Taarruz araçlarında öfke!..

Velakin; Irak’ta Saddam’ın idama götürülmesinin üzerinden 11 yıl ve Suriye’deki iç savaş kışkırtıcılığının üzerinden neredeyse 6 yıl geçmişken artık yollar bitti Ortadoğu’da...

Artık şehirler, göller, nehirler, sarnıçlar, kuyular yani insanı ayakta tutan tüm yollar ölüm tarlası... Geçit vermiyor artık orada yollar...

İşte birbirini “tekbiiiirrrrrrrrrr” getirerek tüketenler, kanlı bumerangı bu kez gaflet sahiplerine döndürdüler...Yani yol değiştirdi şiddet ve terör!..
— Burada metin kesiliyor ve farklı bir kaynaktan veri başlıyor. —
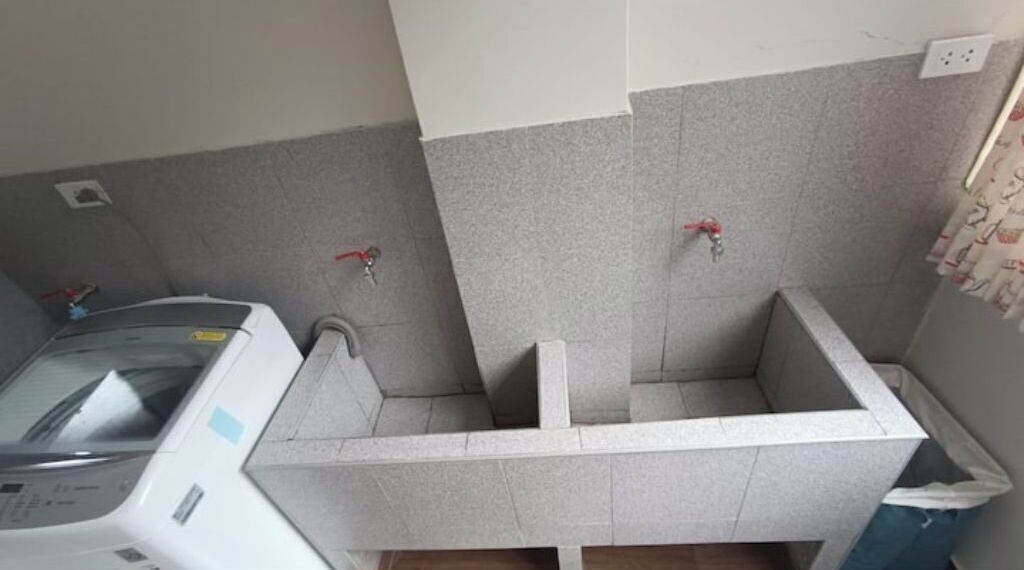 A small laundry room with a washing machine, two towel racks, and a tiled floor.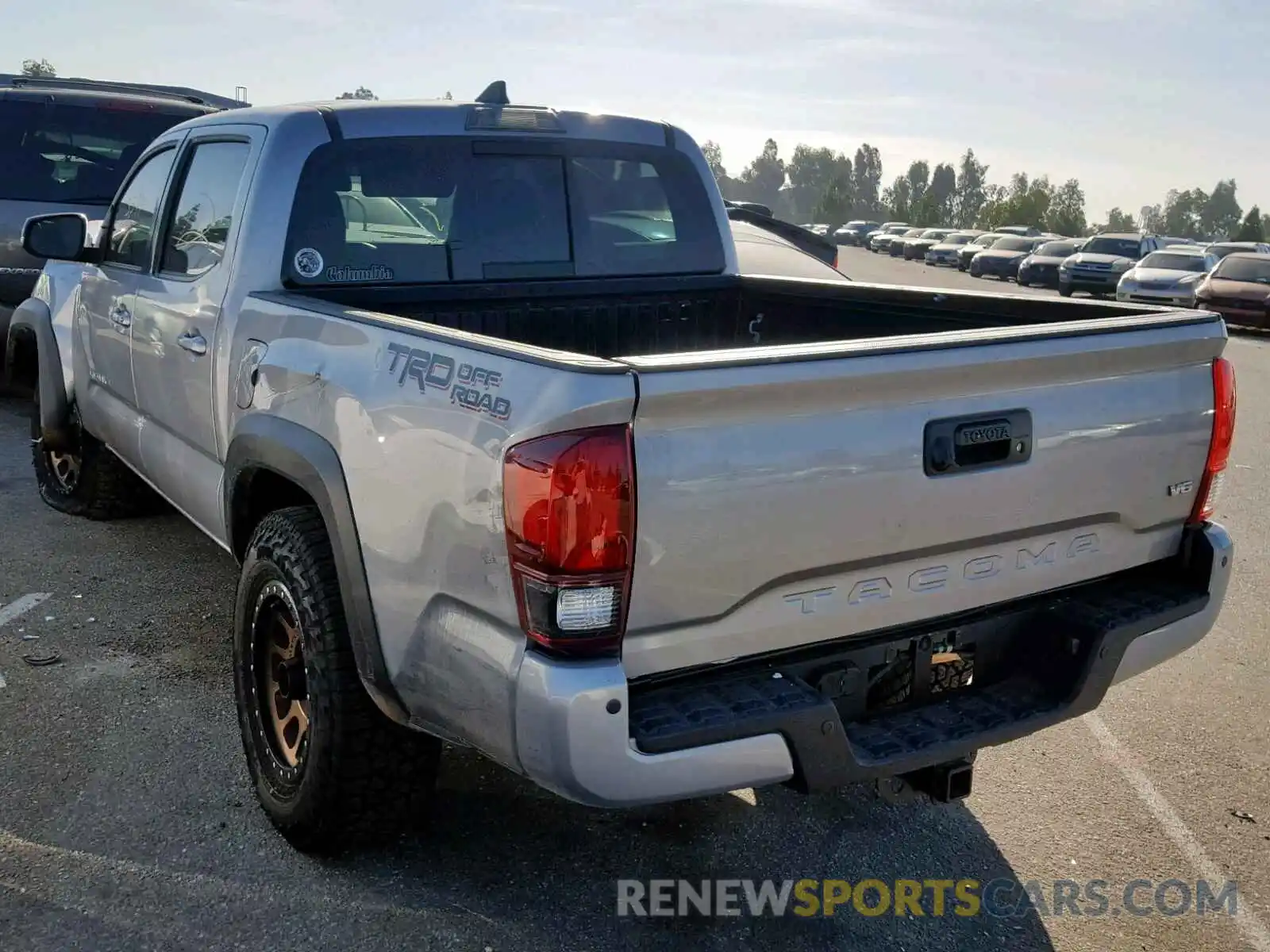 3 Photograph of a damaged car 3TMAZ5CN2KM089987 TOYOTA TACOMA DOU 2019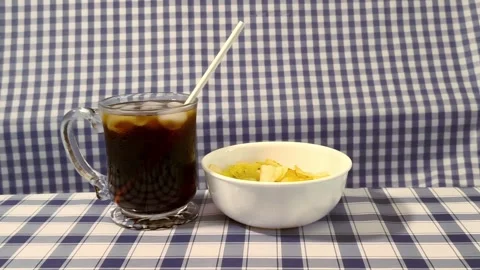 Wide angle front view coke served in a glass cup with ice, straw liquor, an.. 動画素材 318127805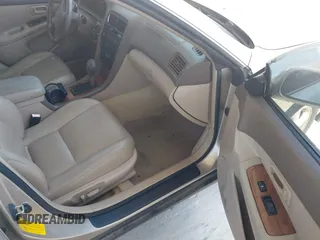 1999 Lexus ES 300 Luxury Sport Sdn with VIN JT8BF28G0X5065317, listed as a IAAI auction lot 42080216 with 163,223 mi miles. Bid and sale history available at carsss.com. Image 5.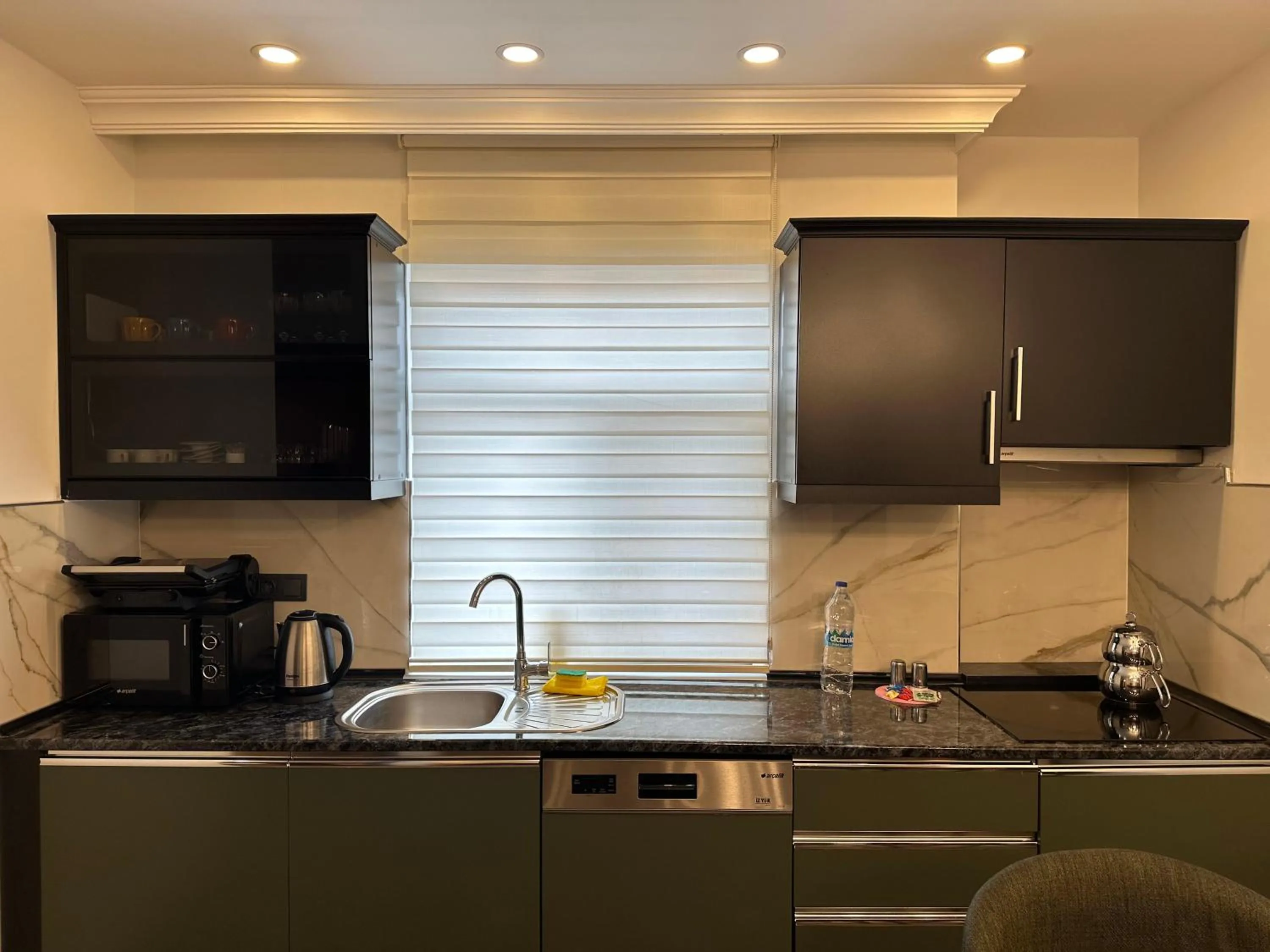 Kitchen or kitchenette in BayMari Suites City Life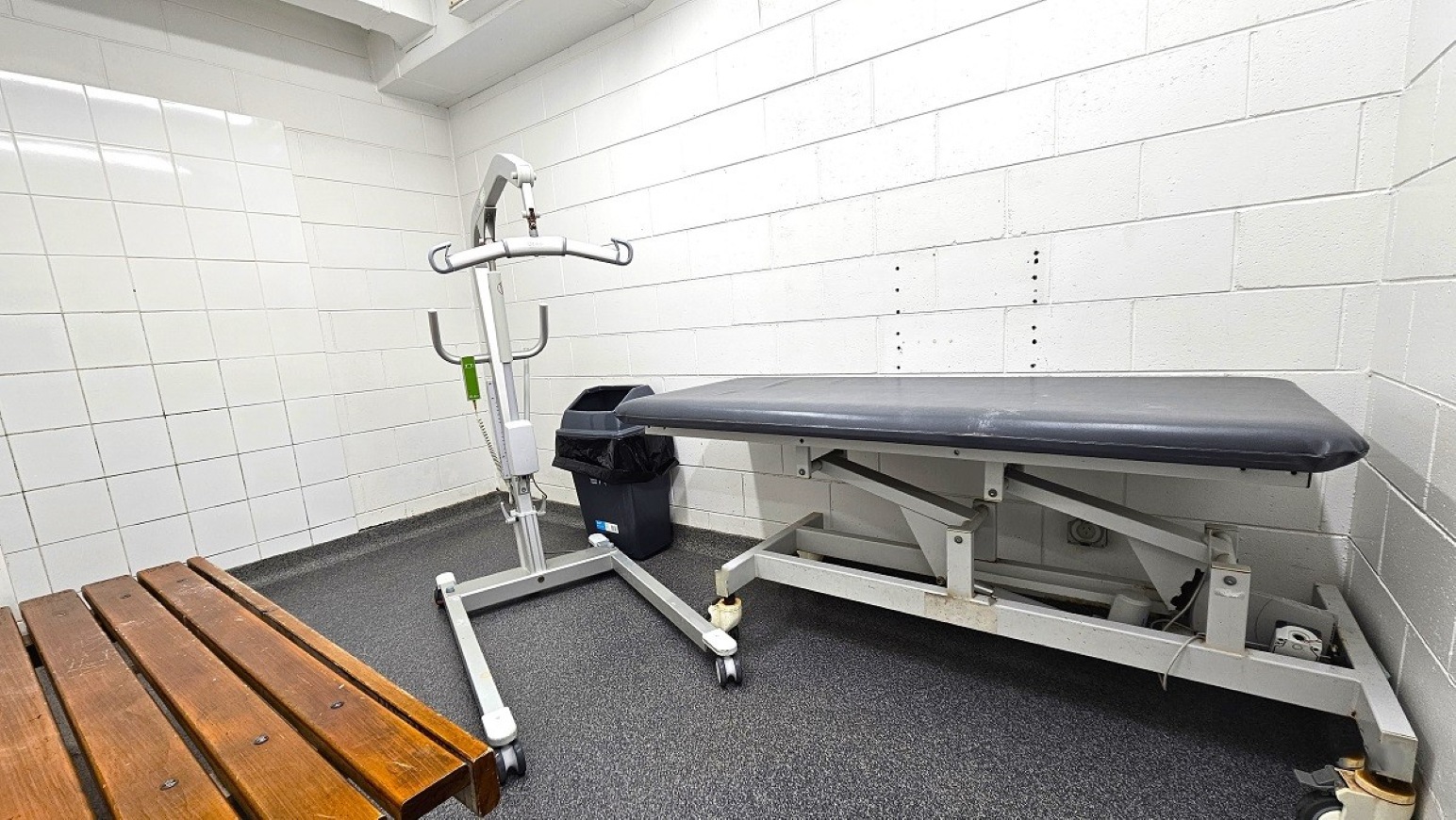 Change room and adult change table. Aquatic Centre. Trust House Leisure Centre – Masterton. A small room with white tiled walls and a grey speckled floor. On the right, there's a black cushioned examination table with a metal frame. In the centre, a white mobile hoist with a green handle is positioned next to a black bin. On the left, a wooden bench with a slatted design is visible. The ceiling is white with a slight overhang.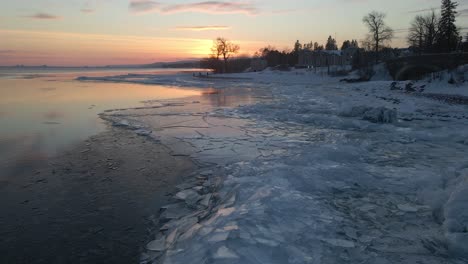 Triangle-ice-formations-pilled-up-on-the-Shores-of-Lake-superior,-water-reflections-during-a-winter-sunset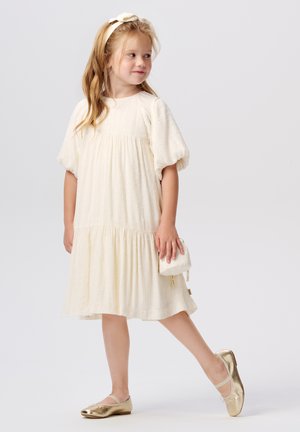 Cremfarbendes Kleid mit Puffärmeln, strukturiertem Stoff und gestuftem Rock. Kombiniert mit goldenen Ballettschuhen und einer kleinen weißen Handtasche.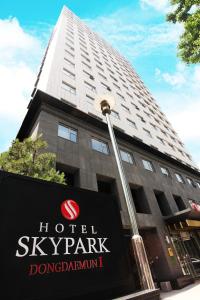 a hotel sky park sign in front of a building at Hotel Skypark Dongdaemun I in Seoul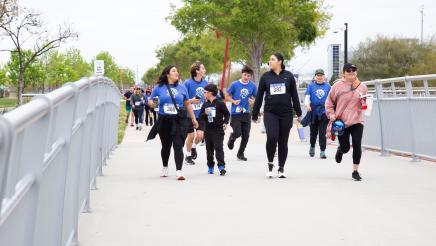 Participants passing over bridge
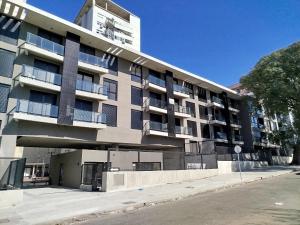 an apartment building on the side of a street at let health flow in Montevideo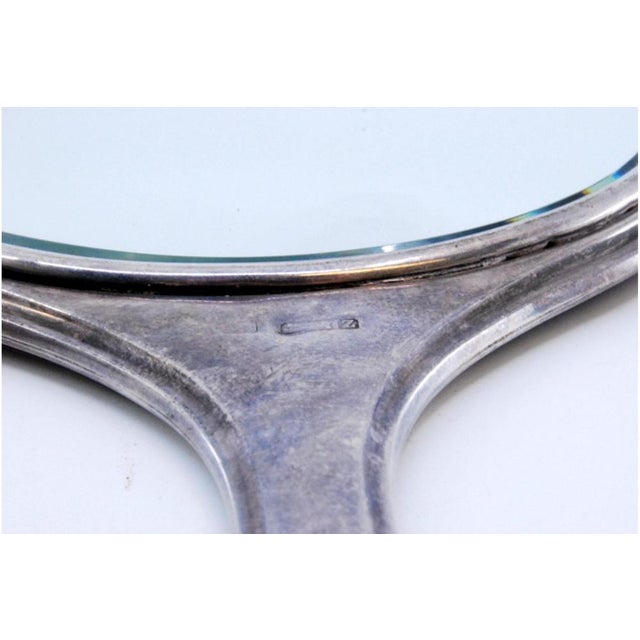 Round Hand Mirror in Plain Silver with Sunbeams Behind It, in Very Good conditions. Designed 1920 to 1949 This piece has...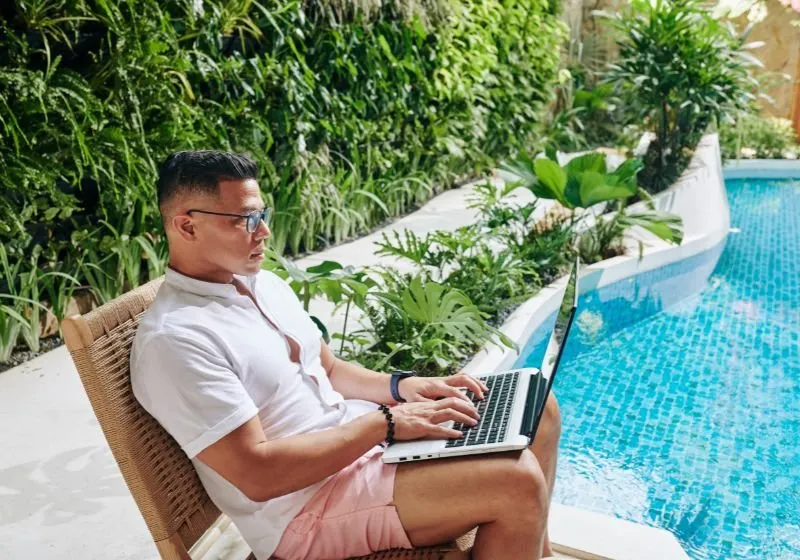 homem sentado em uma cadeira mexendo em um computador enfrente uma piscina e atrás várias plantas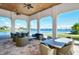 Covered patio overlooking a lake with wicker furniture at 204 Villoresi Blvd, Nokomis, FL 34275
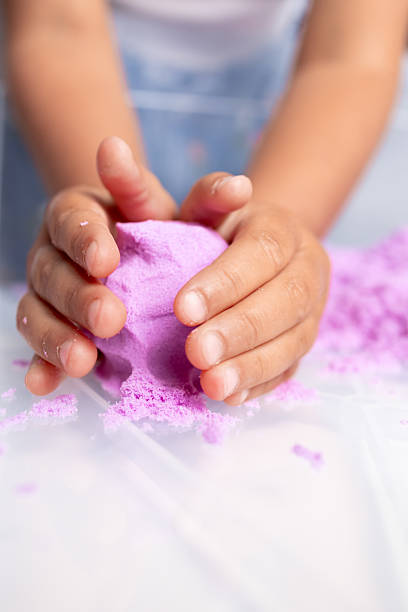 istock Child molding purple kinetic sand with hands 2231355821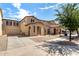 Attractive row of stucco homes featuring covered porches and low maintenance front yards at 21182 E Stonecrest Dr, Queen Creek, AZ 85142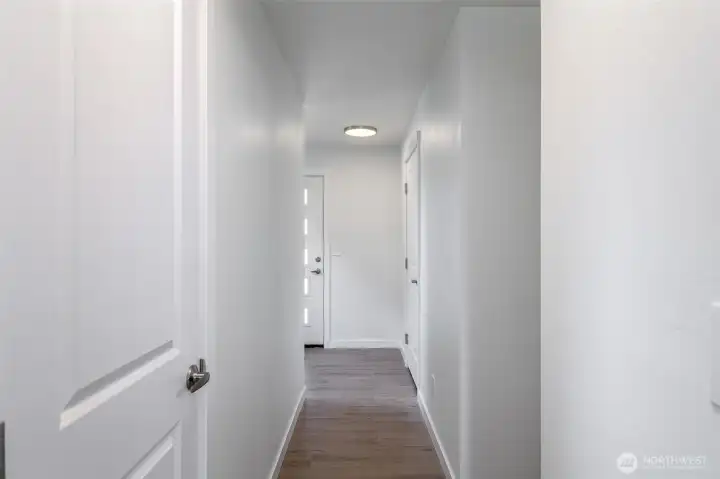 Hallway to front with Brand new LVP Floors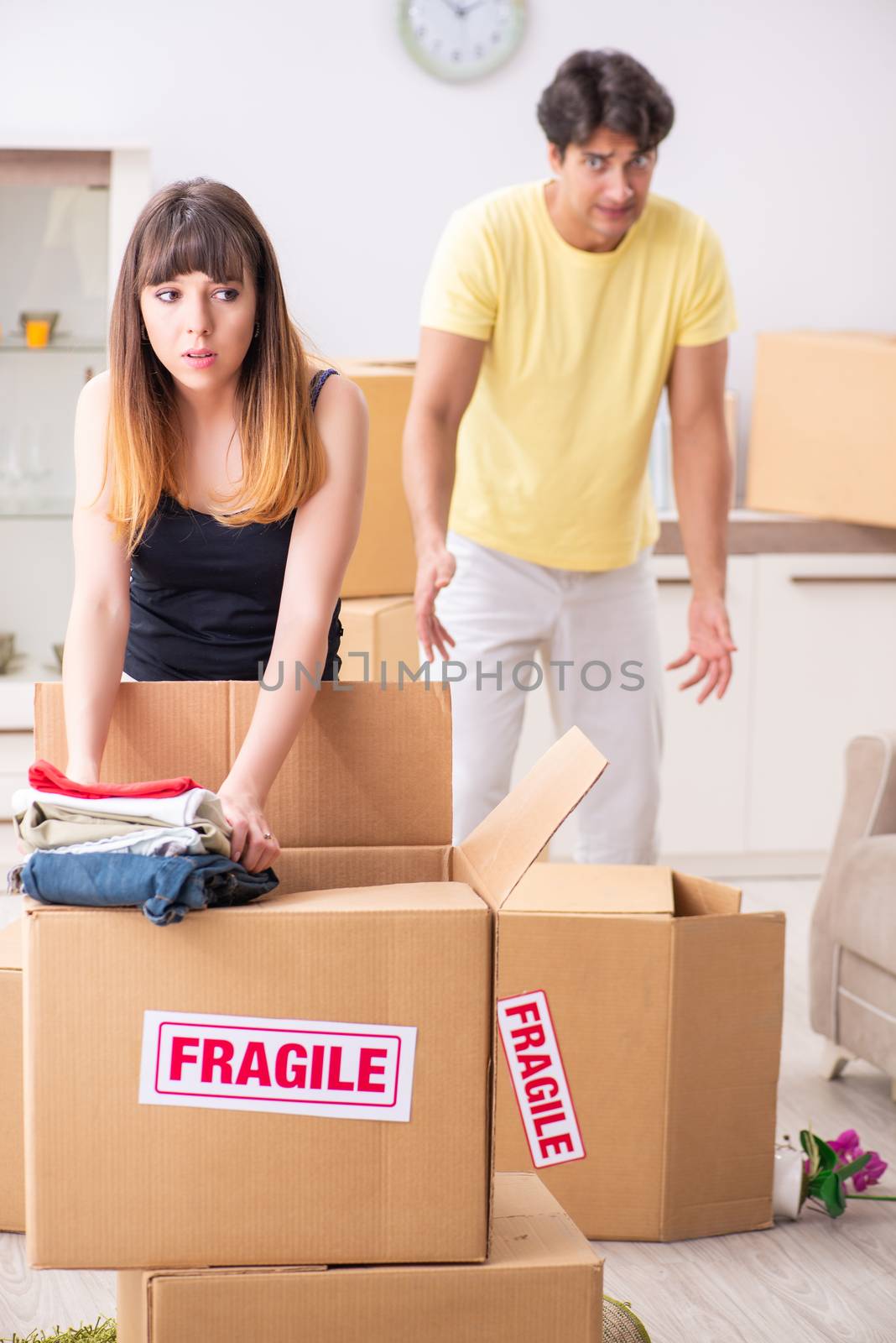 Young couple moving to new flat with fragile things by Elnur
İntihar kamyonlarının ve minibüslerinin direksiyonları ne yazık Batı’ya döndü bu kez... Hani, neredeyse 6 yıldır Suriye’de insanlığı tüketenlere destek veren liderlerin ülkelerine döndü kamyonlar...

Velhasıl; Fransa’da, Amerika’da, Almanya’da tüm Avrupa’da ve daha geçen hafta Barcelona’da olduğu gibi IŞİD’in taarruz araçları insanların üzerine sürülüyor, kalabalık caddelerde katliamlar yapılıyor...

Ve pusu araçlarından inen dinci teröristlerin geçen ay Londra’da, üç gün önce de Finlandiya’da sokaklarda masum insanları bıçaklarla katletmesi de gösteriyor ki, Irak ve Suriye’de büyütülen terör bumerangı gafillerin de huzurunu kaçırıyor...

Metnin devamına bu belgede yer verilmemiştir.